Assigned task
Using the listing below, print the line containing "Sonoro Prestige CD-Radio", the line containing "OEMTools 12 Piece", and each line between them, exactly and nothing else. Pictures stay out of the print.

Provided data
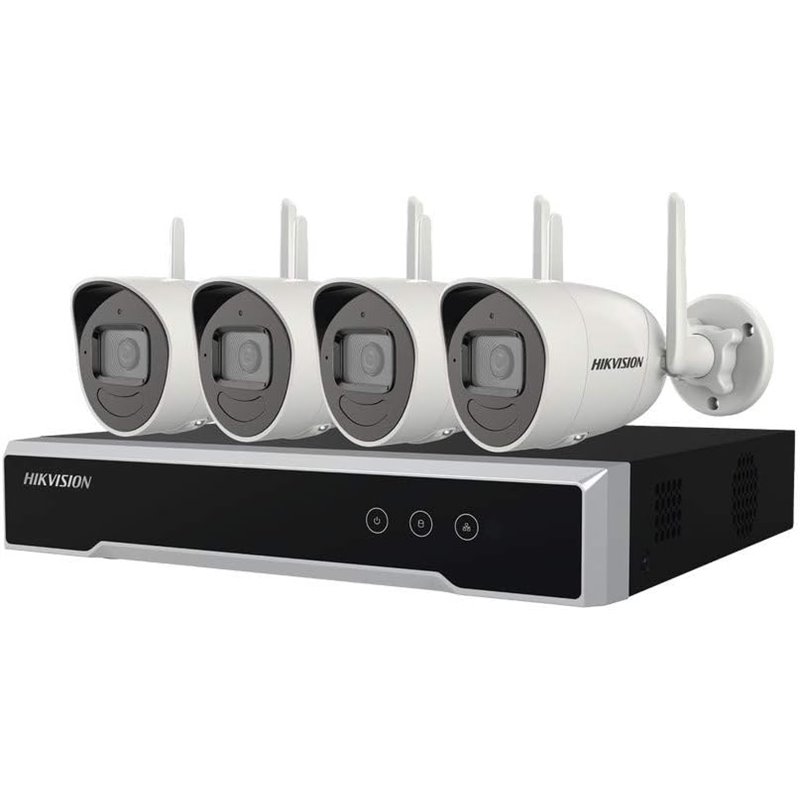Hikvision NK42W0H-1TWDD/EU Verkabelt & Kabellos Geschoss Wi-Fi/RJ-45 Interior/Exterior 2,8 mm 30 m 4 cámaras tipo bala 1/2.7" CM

...

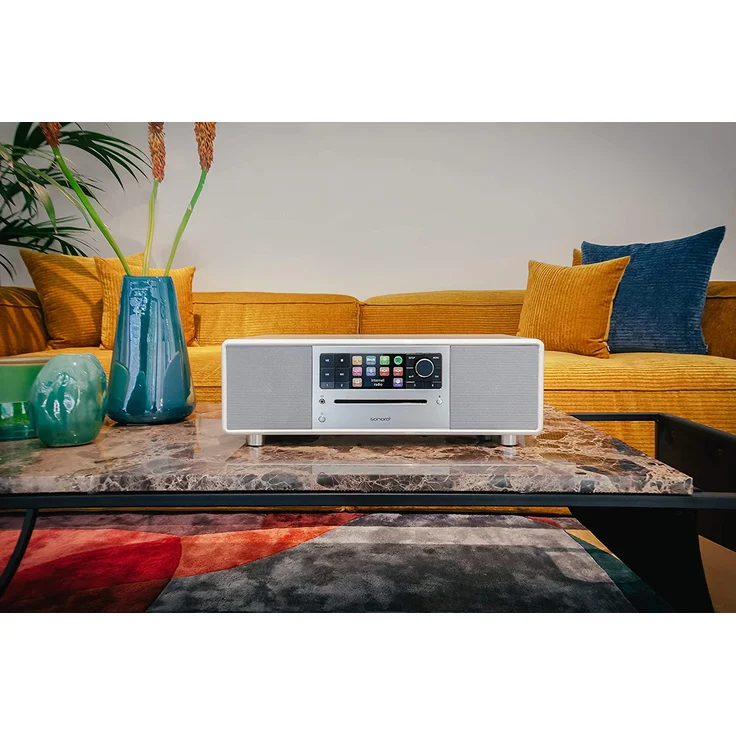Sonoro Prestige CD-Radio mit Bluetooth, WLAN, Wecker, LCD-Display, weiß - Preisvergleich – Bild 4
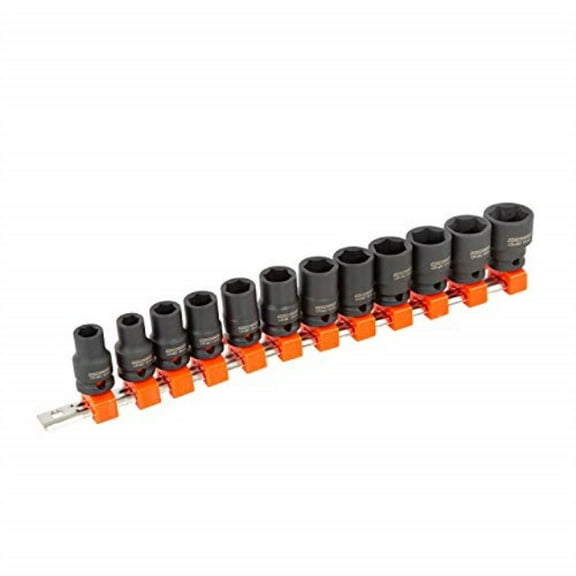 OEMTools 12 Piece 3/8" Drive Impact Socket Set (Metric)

Written solution
Sonoro Prestige CD-Radio mit Bluetooth, WLAN, Wecker, LCD-Display, weiß - Preisvergleich – Bild 4
 OEMTools 12 Piece 3/8" Drive Impact Socket Set (Metric)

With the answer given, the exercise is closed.